One final genre that we could choose is Indie Pop. As a subgenre of pop it has a large following, being a “popular” genre, and thus has an expansive history to draw on musically and otherwise. From older artists like The Smiths to modern artists like Bastille, indie pop has, musically and otherwise, evolved over time a fair amount, more so than other genres, probably owing to its link to pop music and the fact that what is popular is constantly changing, but it has always managed to remain in the mainstream- you may have noted the popularity of the two bands I used as examples in their respective time periods. The sound is similar to pop in that it is often fairly simple but always catchy, and similar to indie music in that it deals with deeper themes that are closer to the artists' hearts, that they can make music about as they are not as constrained by the industry.
A song popular even in the pop genre, "All About That Bass" by Meghan Trainor. Note the simple but catchy beats, frequent choruses, and upbeat but somewhat sexualised lyrics encouraging people to not worry about their bodies and body image in an entertaining way. It is quite a typical example of pop music that is designed for casual and enjoyable listening.

"Girlfriend in a Coma" by The Smiths. A much older song than the previous one, and this time indie pop. Once again the instrumentation is catchy and upbeat, and their are frequent choruses and repetitions of certain lines. However, unlike the positive body image themes of "All About That Bass," this song deals with someone who used to have fights with their girlfriend (implied to be violent in some places,) but still loves her, and now she is in a coma and could die soon. This change of tone while adhering to pop conventions is one of the markers of indie pop.

The look of indie pop could probably be summed up as 'quirky.' This is because it takes a lot of cues from what is fashionable in the mainstream, but strays a little bit out of the spotlight as the artists put their own spin on it. So you will see the artists in the popular brands and/or with a strong sense of style, but maybe with a scarf or a colour scheme that you wouldn't usually see. The genre overall also tends to follow this pattern, with indie pop music videos being generally more colourful and interesting than a standard pop video, but otherwise very similar. I think this would benefit us as we could look at the standard conventions of music videos and then just put our own unique spin on them.

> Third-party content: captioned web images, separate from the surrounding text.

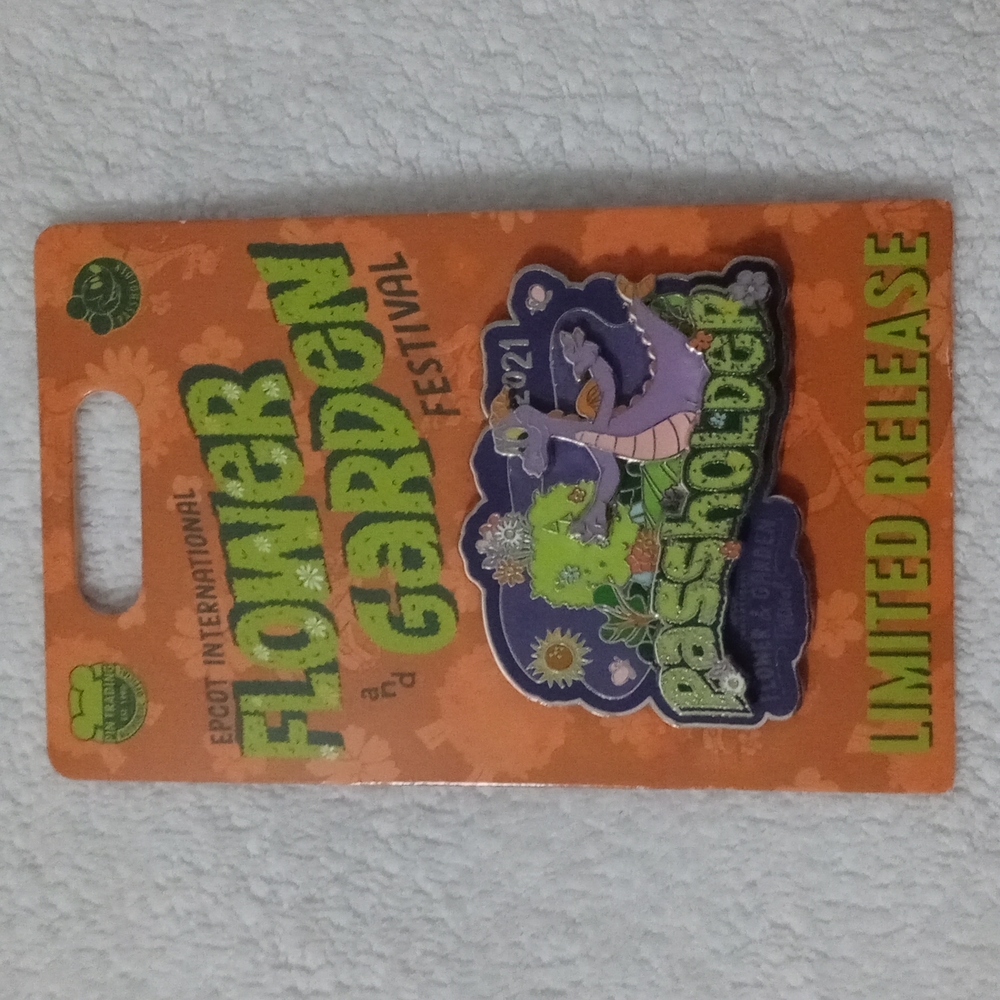 Disney Epcot Flower and Garden 2021 Figment AP pin LR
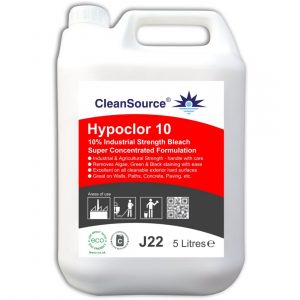 CleanSource® HYPOCLOR 10 Super Strength Industrial 10% Bleach 5L
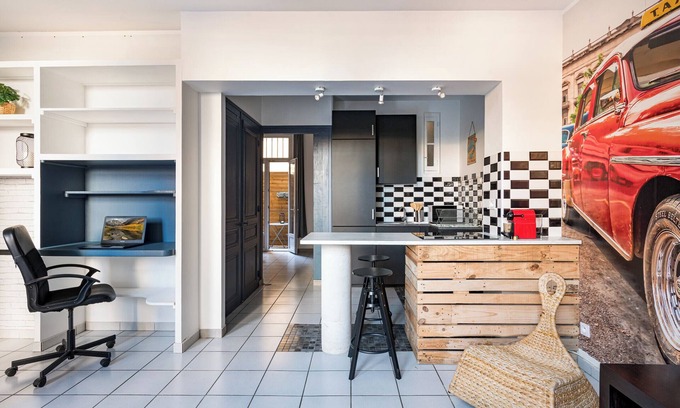 Saint-Roch - Badouillere - Chavanelle Apartment | Alba - 60'S USA patio tram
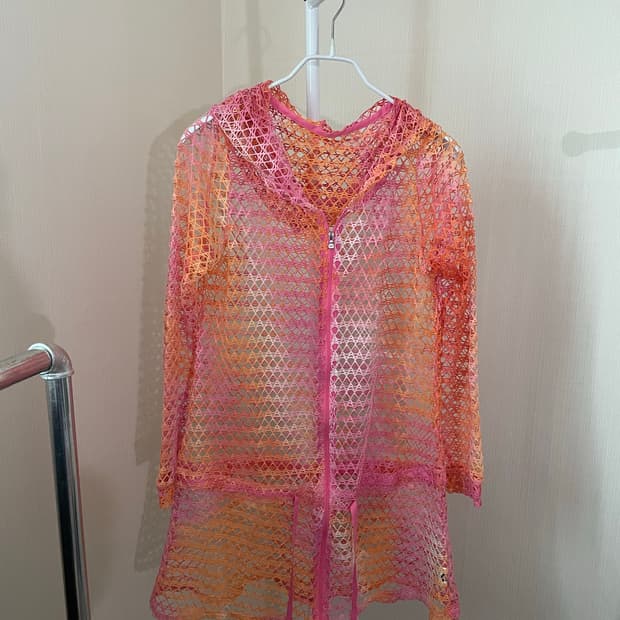 아레나 타이다이메쉬 후드집업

Meghan Trainor, a pop artist, wearing makeup and a leather jacket with styled hair to look good in a promotional shot. Click to enlarge.
The Smiths, an indie pop band, in a promotional shot, where they are also trying to look stylish but in a way less adherent to common fashionable items like leather jackets, and instead wearing, for example, jumpers. Click to enlarge.
The popular indie pop band Bastille in a promotional shot. They are wearing shirts referencing popular culture, such as Back to the Future and Twin Peaks, while one member has a stylish leather jacket similar to mainstream pop artist Meghan Trainor, and another has a similar hairstyle to a member of The Smiths in the above picture. Click to enlarge.
A promotional shot of indie pop band Miike Snow. Once again leather jackets are present, as are traditionally stylish fashion choices such as sunglasses tucked into a shirt collar and styled hair, as well as watches and jeans.
Indie pop developed when music became more common and accessible in the second half of the 20th century. Early artists in the 1980s took inspiration from their contemporaries and what music had influenced them, and used it to carve their own path. In 1986, NME released a compilation cassette called C86, which became a huge part of pop culture, and which continues to inspire today, and various independent record labels, like 1987's Sarah Records, emerged to cater to this new crowd of independent artists. As indie pop is defined by indie artists that produce pop music and/or become popular, and pop music is constantly changing, it has had a less defined path of development compared to other genres. Nowadays, indie pop tends to refer to both those artists that developed through this traditional path as well as any artist that creates the established pop music sound but in an independent manner- as such influence has come and continues to come from anywhere, especially pop culture.